Their immediate aim will be to improve the product features outlined above.
Over time, four innovations are likely to prove especially disruptive to the existing business models:
- the likely abolition of commissions in the retail space in Europe and Asia
- the adoption of high watermark fees in the absolute return space
- the morphing of defined contribution (DC) products in the retirement space
- the emergence of state-of-theart data warehouses in the administration space.
4. THERE NEEDS TO BE A CLEAR LINE OF SIGHT BETWEEN INNOVATIONS AND CLIENT NEEDS
Pension plans accept that innovations cannot deliver replicable outcomes. Nor can they do without them.

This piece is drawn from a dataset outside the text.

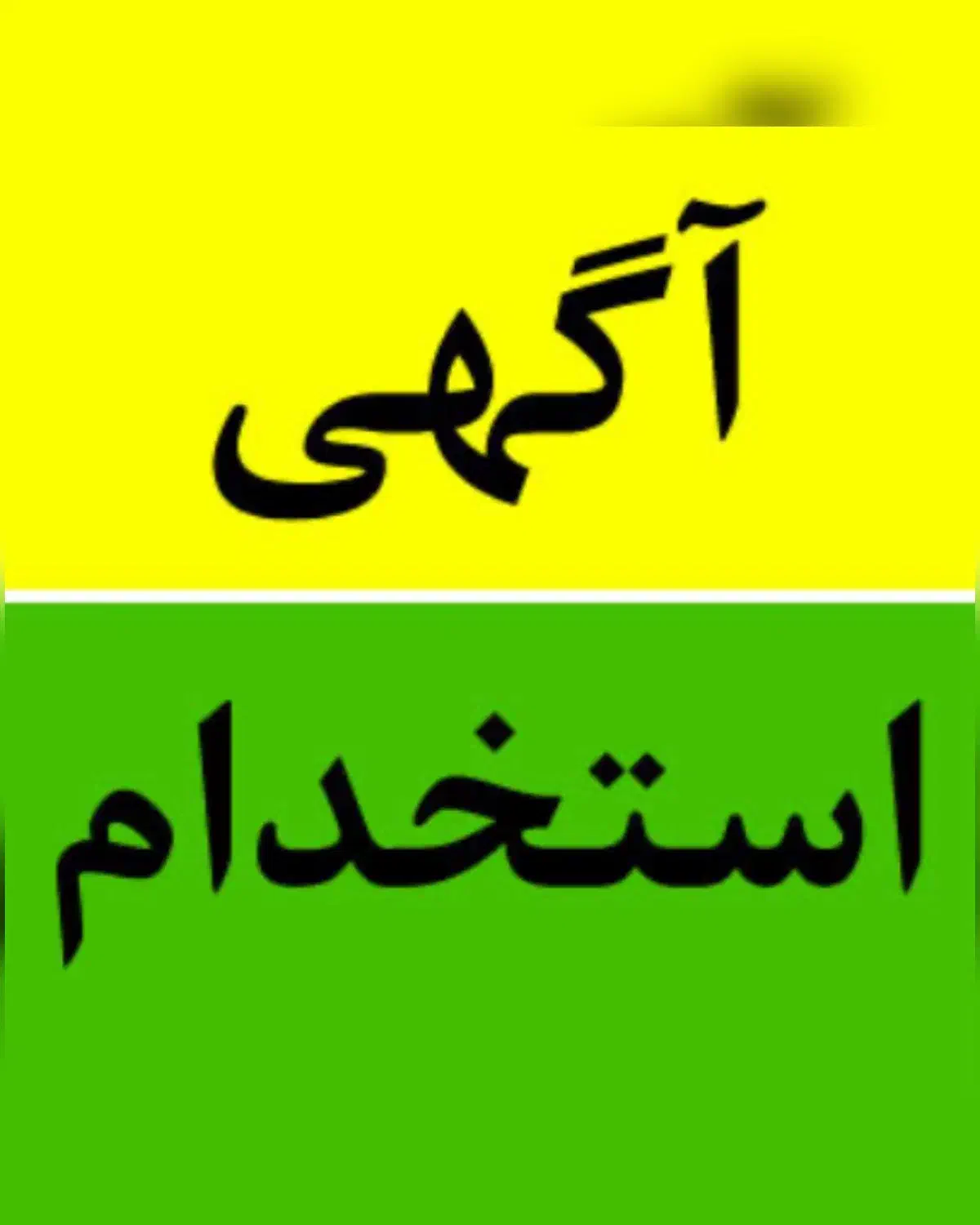 سوشال مارکتر و فروشنده|استخدام بازاریابی و فروش|تهران, فردوسی|دیوار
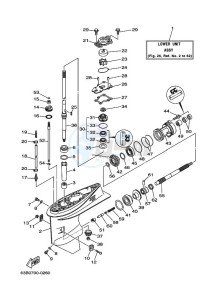 40VMHOL drawing LOWER-CASING-x-DRIVE-1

Both the size of their current deficits and the returns required to fix them remain daunting in today’s low return environment.
Thus, they want to be assured that their asset managers seek ‘best endeavour’ outcomes via product integrity, process integrity, operational excellence and interest alignment.

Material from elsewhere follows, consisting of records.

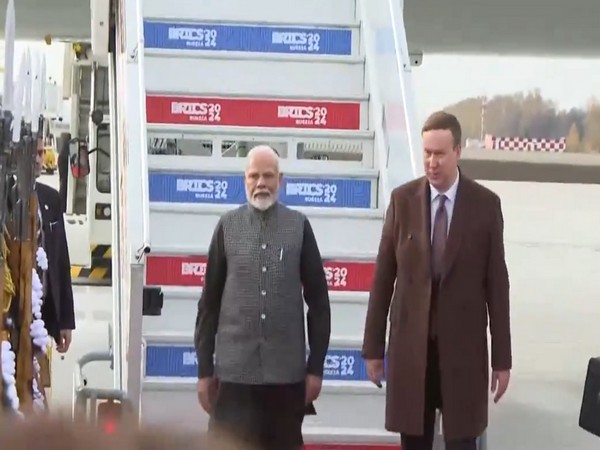 pm-narendra-modi-lands-in-kazan-to-attend-16th-brics-summit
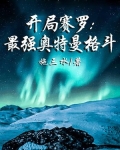 开局赛罗：最强奥特曼格斗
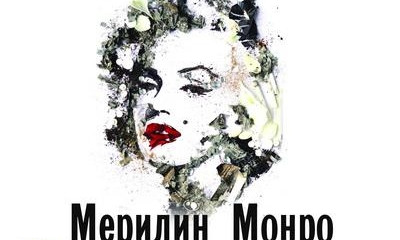 Ирма Витовская покажет одесситам жизнь Мерилин Монро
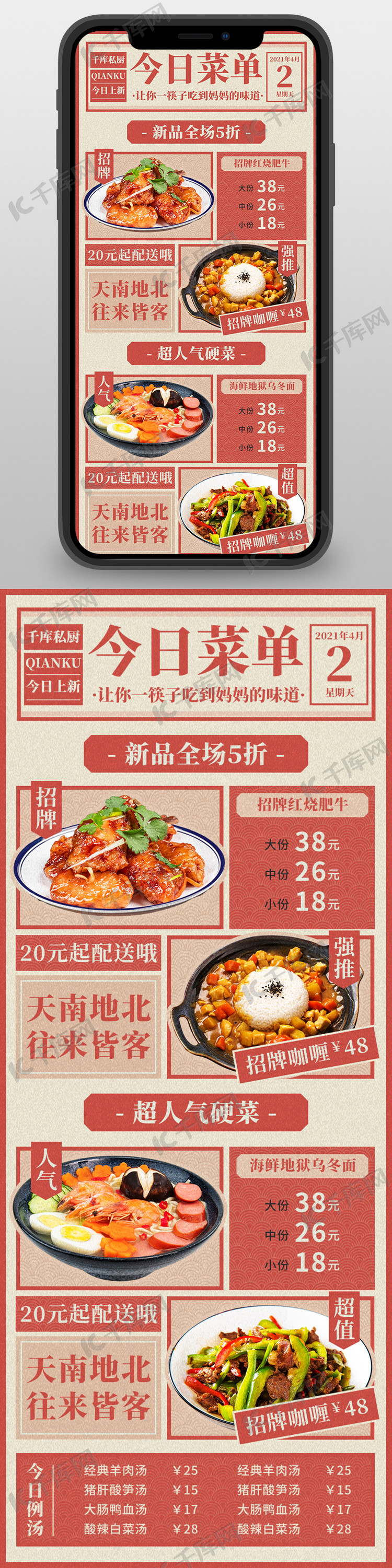 菜单餐饮美食中餐家常菜私厨红色中国风营销长图海报模板下载-千库网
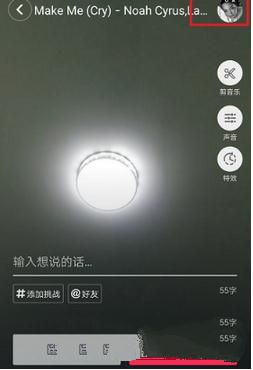 抖音录屏添加音乐的图文操作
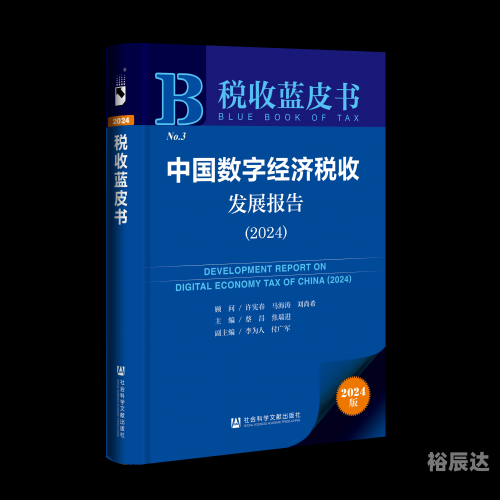 2024年初开工最佳时间探讨-第3张图片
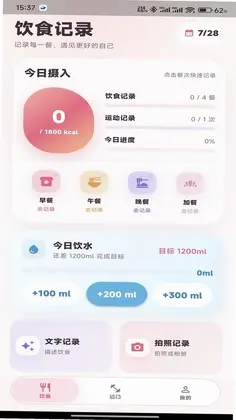 心跳同行预览图
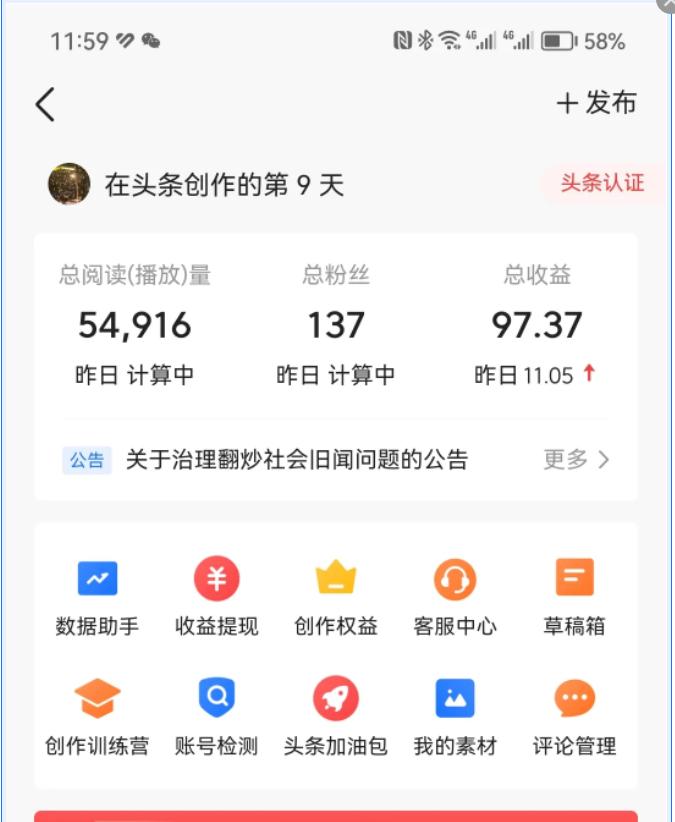 揭秘,关于最新5毛钱的小秘密重磅更新🔥💖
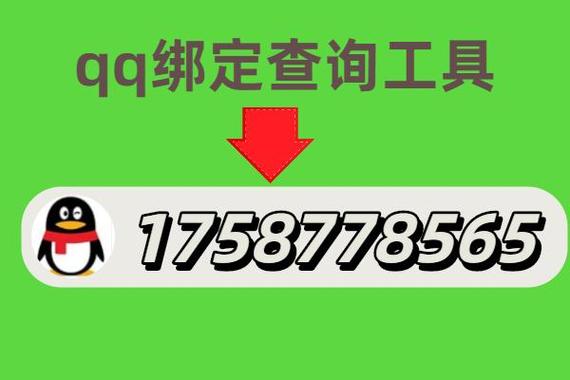 免费查询Q绑图标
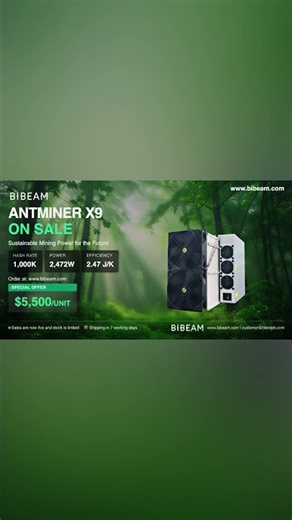 Bitmain Antminer X9 On Sale – Best Time to Buy for Miners #AntminerX9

The likelihood of such outcomes may increase if:
- there is greater client engagement that seeks new ideas as much as manages expectations of what can and can’t be achieved in today’s markets, with random bursts of risk-on/risk-off that ignore the fundamentals
- innovations stem from managers’ core skills as distinct from pure market opportunism
- innovations walk the fine line between revenue streams for asset managers and credible opportunity sets for their clients.
Over this decade, the investment value chain will be distinguished as much by introspection as innovation.
Report Synopsis
In the last decade, the charm of uncorrelated absolute returns captured the imagination of investors who had hitherto relied on a raging bull market to do the heavy lifting for them.
Numerous investment innovations were duly adopted: some new, some revived versions of the old.
New asset classes emerged. Some were offshoots of long only funds. Others were genuine alternatives. New asset allocation techniques were also created as strategic asset allocation became more dynamic.
New risk hedging and return enhancing tools accompanied them in the institutional market.
Finally, new theme-based products were introduced in order to meet the diverse needs of retail investors.